-
Notifications
You must be signed in to change notification settings - Fork 241
Description
SDK version
v1.13.1-1
Relevant provider source code
Taken from: https://github.com/terraform-providers/terraform-provider-aws/blob/master/aws/resource_aws_iam_role.go#L152
var createResp *iam.CreateRoleOutput
err := resource.Retry(30*time.Second, func() *resource.RetryError {
var err error
createResp, err = iamconn.CreateRole(request) <-- Has internally a retry loop, can block more then 30 seconds
// IAM users (referenced in Principal field of assume policy)

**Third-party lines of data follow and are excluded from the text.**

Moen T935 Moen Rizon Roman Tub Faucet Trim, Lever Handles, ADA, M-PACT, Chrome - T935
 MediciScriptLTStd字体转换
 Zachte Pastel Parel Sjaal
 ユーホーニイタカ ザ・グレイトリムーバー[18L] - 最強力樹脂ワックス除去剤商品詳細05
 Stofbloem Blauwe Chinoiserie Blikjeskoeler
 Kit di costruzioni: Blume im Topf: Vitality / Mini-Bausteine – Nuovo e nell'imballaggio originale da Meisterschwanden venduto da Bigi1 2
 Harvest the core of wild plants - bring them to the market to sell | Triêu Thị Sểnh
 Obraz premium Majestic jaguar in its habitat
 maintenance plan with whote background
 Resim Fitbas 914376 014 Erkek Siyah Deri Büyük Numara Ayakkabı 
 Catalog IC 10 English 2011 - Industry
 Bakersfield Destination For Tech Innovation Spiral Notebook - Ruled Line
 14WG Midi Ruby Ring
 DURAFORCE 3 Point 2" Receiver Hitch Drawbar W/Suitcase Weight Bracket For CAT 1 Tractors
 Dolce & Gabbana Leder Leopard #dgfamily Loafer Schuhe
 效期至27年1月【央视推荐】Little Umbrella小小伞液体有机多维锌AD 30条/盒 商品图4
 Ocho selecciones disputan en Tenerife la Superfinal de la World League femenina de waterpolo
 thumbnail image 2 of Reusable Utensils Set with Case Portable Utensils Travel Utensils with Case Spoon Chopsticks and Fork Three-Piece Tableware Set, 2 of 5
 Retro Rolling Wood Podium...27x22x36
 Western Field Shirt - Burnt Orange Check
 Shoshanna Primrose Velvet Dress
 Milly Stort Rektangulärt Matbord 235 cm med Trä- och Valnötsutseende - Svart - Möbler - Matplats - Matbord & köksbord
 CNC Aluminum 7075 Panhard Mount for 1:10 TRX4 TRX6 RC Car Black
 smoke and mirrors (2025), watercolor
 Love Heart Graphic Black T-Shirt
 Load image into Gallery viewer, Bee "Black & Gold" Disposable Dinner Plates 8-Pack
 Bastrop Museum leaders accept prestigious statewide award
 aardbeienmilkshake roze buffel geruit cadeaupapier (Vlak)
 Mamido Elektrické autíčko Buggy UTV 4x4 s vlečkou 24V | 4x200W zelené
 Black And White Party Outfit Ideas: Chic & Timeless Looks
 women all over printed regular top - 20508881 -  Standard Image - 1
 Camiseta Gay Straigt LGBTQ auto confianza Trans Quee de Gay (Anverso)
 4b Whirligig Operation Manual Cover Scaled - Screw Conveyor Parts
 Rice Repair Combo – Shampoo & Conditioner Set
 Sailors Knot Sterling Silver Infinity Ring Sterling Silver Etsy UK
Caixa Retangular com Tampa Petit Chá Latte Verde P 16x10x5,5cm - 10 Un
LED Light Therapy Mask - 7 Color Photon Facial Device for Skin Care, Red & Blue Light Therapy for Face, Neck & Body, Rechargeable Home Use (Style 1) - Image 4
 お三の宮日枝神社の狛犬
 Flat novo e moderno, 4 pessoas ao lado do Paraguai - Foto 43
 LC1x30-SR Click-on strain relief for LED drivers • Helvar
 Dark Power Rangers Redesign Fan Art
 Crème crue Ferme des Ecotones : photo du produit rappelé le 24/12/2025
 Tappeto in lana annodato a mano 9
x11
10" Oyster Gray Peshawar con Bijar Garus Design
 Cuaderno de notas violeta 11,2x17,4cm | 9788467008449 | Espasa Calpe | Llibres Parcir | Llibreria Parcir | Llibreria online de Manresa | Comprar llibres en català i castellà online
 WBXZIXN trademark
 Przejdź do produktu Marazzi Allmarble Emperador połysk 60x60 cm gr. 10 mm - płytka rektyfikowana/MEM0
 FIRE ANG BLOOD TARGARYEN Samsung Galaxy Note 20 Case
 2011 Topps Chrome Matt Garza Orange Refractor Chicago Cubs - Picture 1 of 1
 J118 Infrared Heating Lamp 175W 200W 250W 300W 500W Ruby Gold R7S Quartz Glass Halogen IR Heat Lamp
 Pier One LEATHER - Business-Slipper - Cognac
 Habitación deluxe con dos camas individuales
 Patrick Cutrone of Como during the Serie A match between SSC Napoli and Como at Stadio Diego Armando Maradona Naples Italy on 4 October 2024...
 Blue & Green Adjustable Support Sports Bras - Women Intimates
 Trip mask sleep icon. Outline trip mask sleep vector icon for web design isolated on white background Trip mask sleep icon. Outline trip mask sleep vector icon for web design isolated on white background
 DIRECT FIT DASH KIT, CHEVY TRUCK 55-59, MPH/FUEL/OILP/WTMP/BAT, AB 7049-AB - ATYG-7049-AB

// can take ~30 seconds to propagate in AWS
if isAWSErr(err, "MalformedPolicyDocument", "Invalid principal in policy") {
return resource.RetryableError(err)
}
return resource.NonRetryableError(err)
})
if isResourceTimeoutError(err) { <-- Goroutine started in Retry (WaitForState) can still be running
createResp, err = iamconn.CreateRole(request) <-- Issues another blocking CreateRole
}
Debug Output
[DEBUG] [aws-sdk-go] DEBUG: Request iam/CreateRole Details:
[DEBUG] [aws-sdk-go] DEBUG: Send Request iam/CreateRole failed, attempt 0/25, error RequestError: send request failed
[DEBUG] [aws-sdk-go] DEBUG: Retrying Request iam/CreateRole, attempt 1
[DEBUG] [aws-sdk-go] DEBUG: Request iam/CreateRole Details:
[WARN] WaitForState timeout after 30s
[WARN] WaitForState starting 30s refresh grace period
[DEBUG] [aws-sdk-go] DEBUG: Send Request iam/CreateRole failed, attempt 1/25, error RequestError: send request failed
[DEBUG] [aws-sdk-go] DEBUG: Retrying Request iam/CreateRole, attempt 2
[DEBUG] [aws-sdk-go] DEBUG: Request iam/CreateRole Details:
[ERROR] WaitForState exceeded refresh grace period
[DEBUG] [aws-sdk-go] DEBUG: Request iam/CreateRole Details:
Expected Behavior
resource.Retry() blocks until callback finishes - even on timeout
Actual Behavior
Callback is still running when timeout happens. For example, AWS provider issues another, parallel, CreateRole(). In many cases this results double creation attempt, and eventually a failure in the plugin.
Error: Error creating IAM Role hello-world-ssm_role: EntityAlreadyExists: Role with name hello-world-ssm_role already exists.
status code: 409, request id: removed
on main.tf line 18, in resource "aws_iam_role" "ssm_role":
18: resource "aws_iam_role" "ssm_role"
References
We have been running a crude patch ( #529 ) in production for a few weeks with good results.